*TASK DIRECTIONS*.
All entries are to be transcribed exactly. Pictures are not part of the copy.

*RECORDS*.
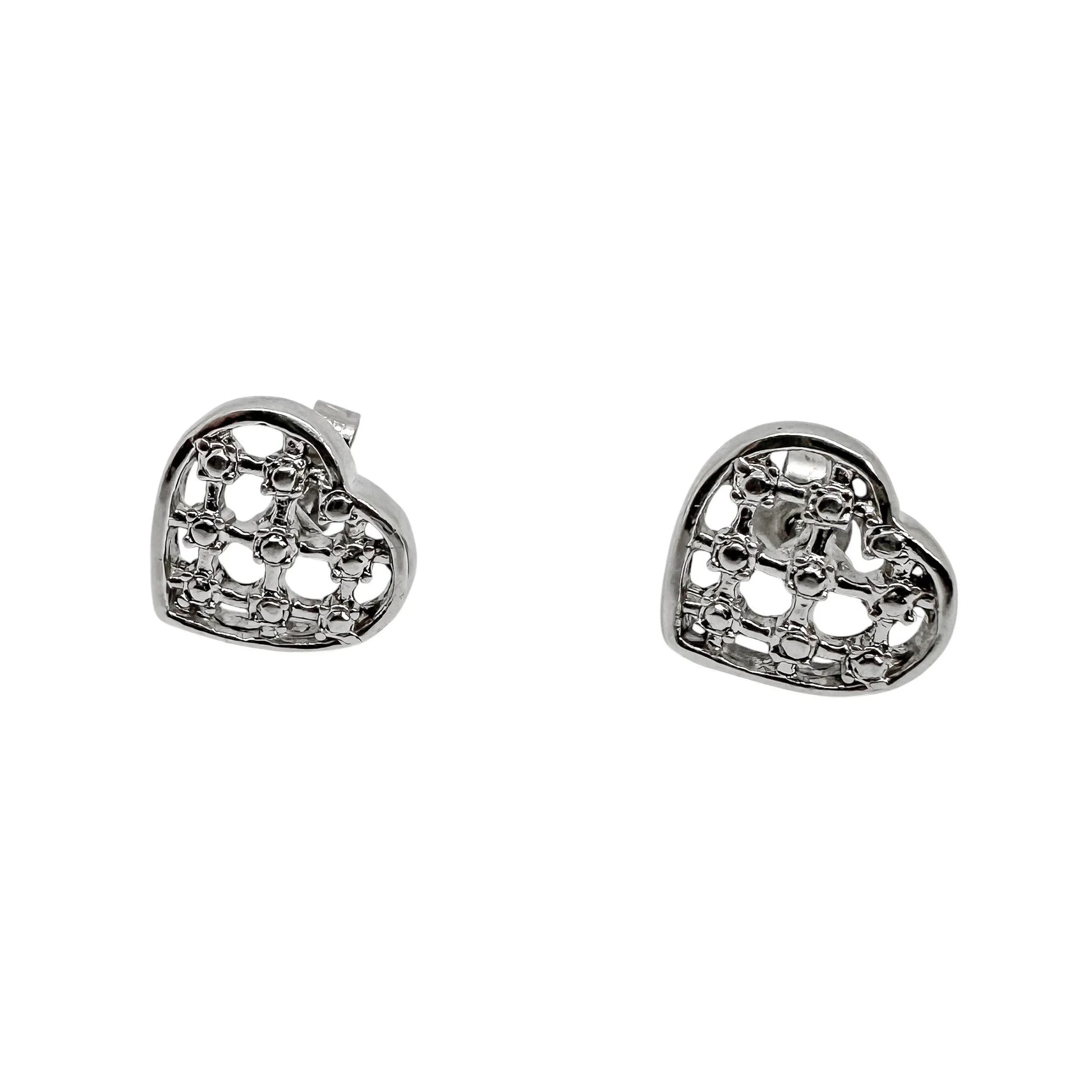 Vintage 9ct white gold openwork heart stud earrings with beaded design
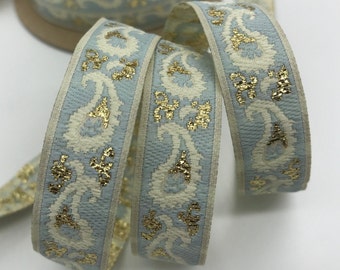 Jacquard Ribbon Trim~Renaissance Fair Costume Trim~Baby blue~off white~gold Metallic~PAISLEY~5/8"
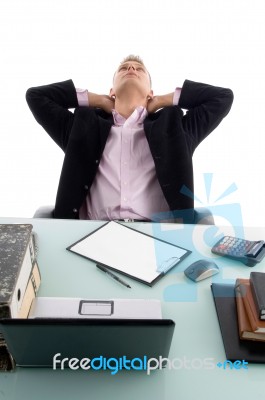 Tired Businessman Looking Upward Stock Photo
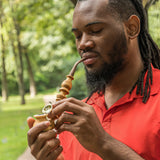 Handmade wooden smoking pipe (amber)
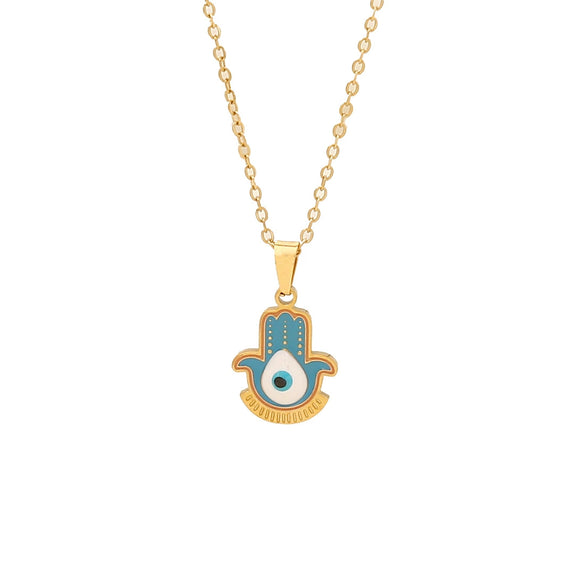 Drop Oil Eye Necklace Palm Pendant Jewelry Stainless Steel Personalized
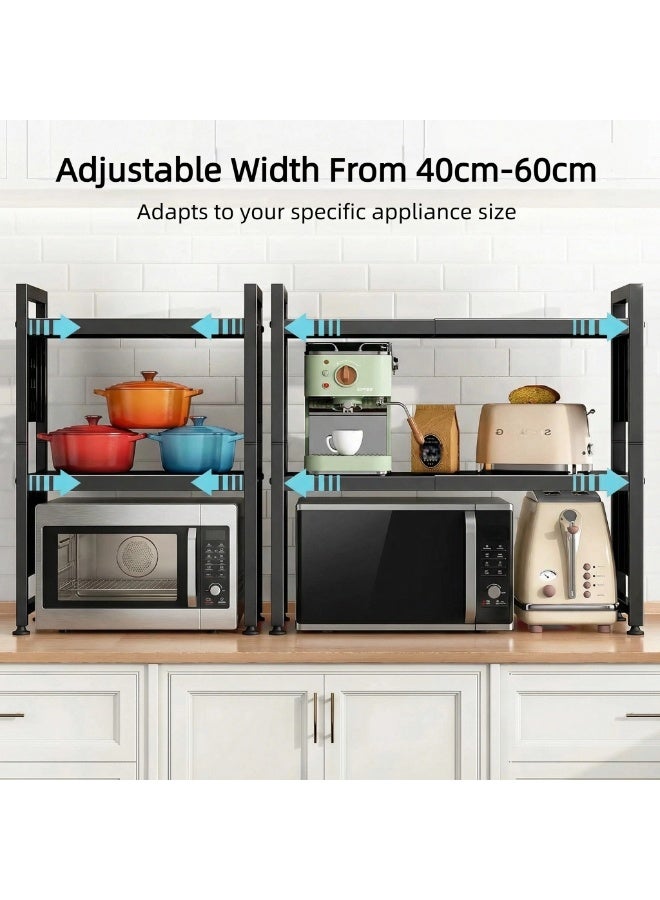 SALADAYS Expandable Microwave Stand, 3 Tier Microwave oven Rack with 8 Hooks, Height Adjustable Oven Stand for Kitchen, Width 40–60 cm Freely Adjustable, Kitchen Shelf Organiser Black - Image 3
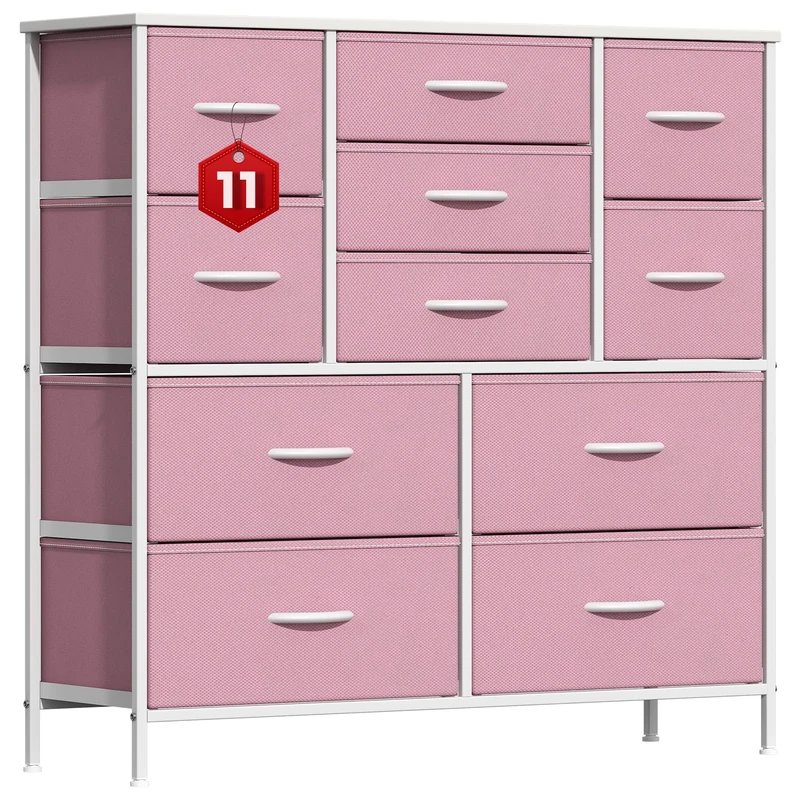 GoaHi Chest of Drawers, Large Dressers with Metal Frame and MDF Wooden Top Board, Adjustable Feet, Anti-Tip Safety, Storage Unit with 11 Drawers for Bedroom, Living Room, Closet, Office Pink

*RESPONSE*.
 Vintage 9ct white gold openwork heart stud earrings with beaded design
 Jacquard Ribbon Trim~Renaissance Fair Costume Trim~Baby blue~off white~gold Metallic~PAISLEY~5/8"
 Tired Businessman Looking Upward Stock Photo
 Handmade wooden smoking pipe (amber)
 Drop Oil Eye Necklace Palm Pendant Jewelry Stainless Steel Personalized
 SALADAYS Expandable Microwave Stand, 3 Tier Microwave oven Rack with 8 Hooks, Height Adjustable Oven Stand for Kitchen, Width 40–60 cm Freely Adjustable, Kitchen Shelf Organiser Black - Image 3
 GoaHi Chest of Drawers, Large Dressers with Metal Frame and MDF Wooden Top Board, Adjustable Feet, Anti-Tip Safety, Storage Unit with 11 Drawers for Bedroom, Living Room, Closet, Office Pink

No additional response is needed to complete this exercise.